1. Hari's on Tour (Express) 2. Simply Shady 3. So Sad 4. Bye Bye Love 5. Maya Love 6. Ding Dong, Ding Dong 7. Dark Horse 8. Far East Man 9. It is "He" (Jai Sri Krishna)


Quite possibly the worst solo album of any member of The Beatles. What's really sad is that it sounds like that just might be the intention - or at least that George wasn't really going to do anything to improve it while he was in the studio.

It must be stated that back in the time, record albums weren't necessarily always produced with the idea that they would be around forever. In many cases they were looked at as dispensable, or in this case, an excuse to go on tour. The whole album is belittled by bad songwriting, bad performances, bad ideas, bad concepts and even bad singing. George sounds on some songs that he's fighting a bad cold and needs to go back to bed. Many years later, no artist nor record company would dare think about recording an album where the singer can't even sing.

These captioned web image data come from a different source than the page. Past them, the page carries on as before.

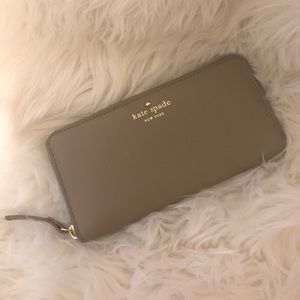 Kate Spade Taupe Wallet! BRAND NEW!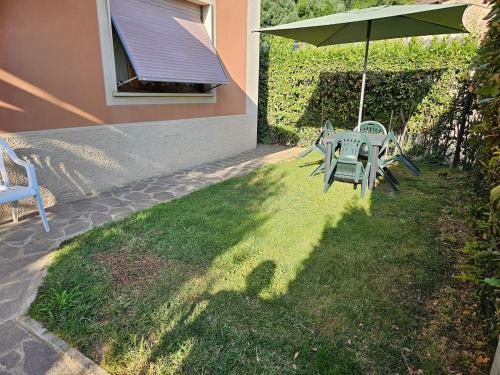 Κήπος έξω από το La Felce vacation home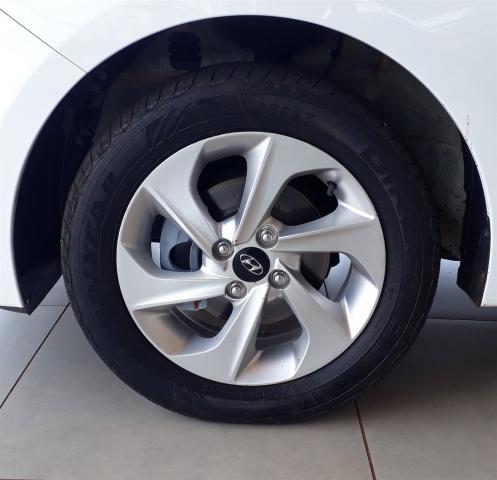 Hyundai HB20S Premium 1.6AT 2016/2016 - Foto 10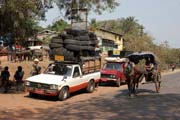 Lokální doprava. Jižně od Yangonu. Myanmar (Barma).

It's been well documented that Harrison was heavily into Eastern Mysticism throughout his solo career, and the early seventies seemed to be when he was in it the deepest. That shouldn't necessarily be a determent though, when you consider that we were inflicted by this same message on his first two solo albums. No, the problem here is that everyone sounds as if they're going through the motions. The very first track, Hari's on Tour (Express) is a prime example of things starting off very wrong. This is an instrumental track that doesn't sound like it should be an instrumental track. In other words, it sounds like the vocals were removed after the song was completed. It's not too difficult to imagine why since the vocals that are on the album are so poor. What's the real tragedy is that this song ends up being the best thing on the album.

It's debatable what the worst thing on the album is. There are so many prime contenders. My vote would have to be for the atrocious, almost unrecognizable cover of Bye Bye Love which actually features backing vocals from his ex wife - along with Eric Clapton - the man she ran off with in the first place. O.K., well, at least George was demonstrating his forgiving nature.

It also probably didn't help that he produced the album by himself. Had he had a professional person behind the controls, such as a Phil Spector, maybe the songs could have come across as slightly better. Maybe.